Beyond Reasonable Doubt?, page 40
‘By that time the second appeal had been and gone and Kevin Ryan had not made an issue at that appeal of this aspect.’
The material that Booth gathered was for the book referred to above. The Auckland Star, recognizing the significance of Pat Booth’s research, decided to run a series of articles on the case entitled ‘You be the Jury’. The articles, like the book that followed them, by no means tell the whole story. My main criticism of both would concern the people that Booth chose for interviews. Anti-Thomas people are noticeably absent when one lists the people Booth did speak to, but it was crusading journalism, not an attempt at objectivity. During the course of that year Booth joined forces with Dr Sprott. They make an oddly assorted couple and both recognize that fact. As Pat Booth remarked to Jim Sprott on one occasion:
‘We make an odd team, I’m a left-wing trendy and you’re a right-wing reactionary.’
The press articles and the public meetings such as the one at Auckland Town Hall on 27 August 1973 could not pass unnoticed. At that meeting packed with over 2000 people, with hundreds more battering at the doors to get in, the retrial committee plus some distinguished guests argued the case for Arthur Thomas. Among those guest speakers was the lawyer that Bruce Hutton described to me as ‘radical but clever’ Peter Williams.
In late October 1970, Arthur and Vivien Thomas had sat in a solicitor’s office in Pukekohe and discussed which barrister should be briefed to defend Arthur if he were arrested. Three names had featured largely in that discussion: Paul Temm, Peter Williams and Kevin Ryan. Williams had been ruled out on the grounds of price. Two of those men, Temm and Ryan, had battled in the courts on behalf of Thomas. Now in mid-1973, the Thomas family were pinning their hopes on Peter Williams. Perhaps the radical element in the man can be questioned, but there is no doubting his intelligence and gifts as a barrister.
Addressing the packed gathering he concentrated not on the specifics of the Thomas case but on the flaws in the system that the case highlighted.

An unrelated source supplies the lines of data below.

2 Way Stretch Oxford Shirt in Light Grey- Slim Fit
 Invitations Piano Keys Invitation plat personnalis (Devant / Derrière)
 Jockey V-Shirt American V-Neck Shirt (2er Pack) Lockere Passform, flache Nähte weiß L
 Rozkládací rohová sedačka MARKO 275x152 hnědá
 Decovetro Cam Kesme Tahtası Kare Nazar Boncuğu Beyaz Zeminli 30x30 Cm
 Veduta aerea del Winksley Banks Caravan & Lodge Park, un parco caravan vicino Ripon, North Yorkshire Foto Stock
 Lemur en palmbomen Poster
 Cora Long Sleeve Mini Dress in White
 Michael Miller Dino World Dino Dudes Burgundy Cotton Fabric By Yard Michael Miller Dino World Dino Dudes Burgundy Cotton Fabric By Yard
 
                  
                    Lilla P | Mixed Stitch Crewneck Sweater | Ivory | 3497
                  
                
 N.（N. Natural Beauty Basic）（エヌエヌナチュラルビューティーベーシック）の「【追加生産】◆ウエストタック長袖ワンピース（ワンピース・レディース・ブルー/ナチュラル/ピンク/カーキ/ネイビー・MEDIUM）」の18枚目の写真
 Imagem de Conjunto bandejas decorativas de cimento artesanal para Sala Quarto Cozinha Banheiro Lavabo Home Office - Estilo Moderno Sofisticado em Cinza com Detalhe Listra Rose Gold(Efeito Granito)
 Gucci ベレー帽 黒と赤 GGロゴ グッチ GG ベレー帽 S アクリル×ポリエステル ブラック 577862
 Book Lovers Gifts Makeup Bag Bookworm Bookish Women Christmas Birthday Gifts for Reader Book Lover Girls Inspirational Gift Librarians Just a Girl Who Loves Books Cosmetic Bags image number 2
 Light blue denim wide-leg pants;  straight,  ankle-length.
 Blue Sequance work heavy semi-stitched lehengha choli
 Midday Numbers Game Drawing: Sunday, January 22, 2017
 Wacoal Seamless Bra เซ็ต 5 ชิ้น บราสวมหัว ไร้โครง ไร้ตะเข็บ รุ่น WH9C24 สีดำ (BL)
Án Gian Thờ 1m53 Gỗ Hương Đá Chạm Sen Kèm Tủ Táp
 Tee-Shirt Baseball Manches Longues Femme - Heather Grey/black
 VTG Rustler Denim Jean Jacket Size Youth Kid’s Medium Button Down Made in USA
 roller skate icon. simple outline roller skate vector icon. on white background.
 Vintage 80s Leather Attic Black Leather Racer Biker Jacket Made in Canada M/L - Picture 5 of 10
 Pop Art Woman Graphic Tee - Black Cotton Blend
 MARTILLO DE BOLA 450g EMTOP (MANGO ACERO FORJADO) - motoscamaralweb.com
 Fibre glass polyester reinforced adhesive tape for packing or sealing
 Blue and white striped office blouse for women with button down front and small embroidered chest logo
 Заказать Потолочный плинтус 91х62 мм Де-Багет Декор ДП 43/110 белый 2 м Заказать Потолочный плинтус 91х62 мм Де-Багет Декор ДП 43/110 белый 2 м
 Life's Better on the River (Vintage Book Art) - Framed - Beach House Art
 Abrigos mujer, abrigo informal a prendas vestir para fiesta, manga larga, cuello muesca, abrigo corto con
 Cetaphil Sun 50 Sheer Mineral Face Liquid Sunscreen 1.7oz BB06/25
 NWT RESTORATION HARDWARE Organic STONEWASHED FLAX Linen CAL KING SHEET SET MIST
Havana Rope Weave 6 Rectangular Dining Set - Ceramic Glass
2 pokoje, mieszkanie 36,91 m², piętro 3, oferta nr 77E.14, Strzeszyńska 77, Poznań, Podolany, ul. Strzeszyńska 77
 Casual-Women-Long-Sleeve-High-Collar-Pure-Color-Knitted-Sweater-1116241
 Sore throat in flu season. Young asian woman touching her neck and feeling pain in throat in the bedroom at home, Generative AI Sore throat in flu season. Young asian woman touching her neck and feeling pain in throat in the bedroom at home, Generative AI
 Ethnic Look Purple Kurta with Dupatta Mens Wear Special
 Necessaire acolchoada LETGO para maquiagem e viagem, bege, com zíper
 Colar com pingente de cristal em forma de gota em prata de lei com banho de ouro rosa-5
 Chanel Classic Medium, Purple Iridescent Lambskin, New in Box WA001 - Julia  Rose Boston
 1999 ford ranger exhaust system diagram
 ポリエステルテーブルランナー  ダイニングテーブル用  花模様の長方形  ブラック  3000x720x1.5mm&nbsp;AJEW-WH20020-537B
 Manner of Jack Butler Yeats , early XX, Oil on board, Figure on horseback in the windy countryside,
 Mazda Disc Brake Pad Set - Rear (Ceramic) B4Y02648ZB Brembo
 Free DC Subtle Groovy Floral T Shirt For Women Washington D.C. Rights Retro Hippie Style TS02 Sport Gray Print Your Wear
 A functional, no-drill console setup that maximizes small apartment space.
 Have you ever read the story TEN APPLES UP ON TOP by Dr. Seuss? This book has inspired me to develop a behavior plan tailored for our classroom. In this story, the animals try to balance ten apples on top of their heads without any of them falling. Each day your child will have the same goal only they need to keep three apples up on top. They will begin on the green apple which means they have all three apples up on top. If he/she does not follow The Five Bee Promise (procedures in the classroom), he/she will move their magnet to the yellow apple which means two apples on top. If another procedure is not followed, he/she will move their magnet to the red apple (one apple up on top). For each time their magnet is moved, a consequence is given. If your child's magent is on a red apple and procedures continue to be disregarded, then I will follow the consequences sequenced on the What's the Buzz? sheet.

Similar meetings were held throughout New Zealand. The Thomas case would not lie down and die. In Nelson, Christchurch, Hawke’s Bay, people in their thousands expressed concern. It was a concern that was to turn to anger and contempt in the light of subsequent events.
The results of the joint Booth/Sprott investigations were submitted to Minister of Justice, Martyn Finlay. In the light of those submissions Dr Finlay offered an independent assessment of the evidence that had been given on the cartridge cases at the second trial. It was an offer that was widely approved by the press and the public. It was an offer that in the event would never become a reality.
The offer from the Minister of Justice was made public in the first week of September 1973. The following week Dr Finlay stated that he was ‘desolated and deeply troubled’. What had caused that desolation and deep concern for the Minister was the revelation that the police, or to be more specific Bruce Hutton, had dumped the cartridge cases on the Whitford rubbish tip in Auckland.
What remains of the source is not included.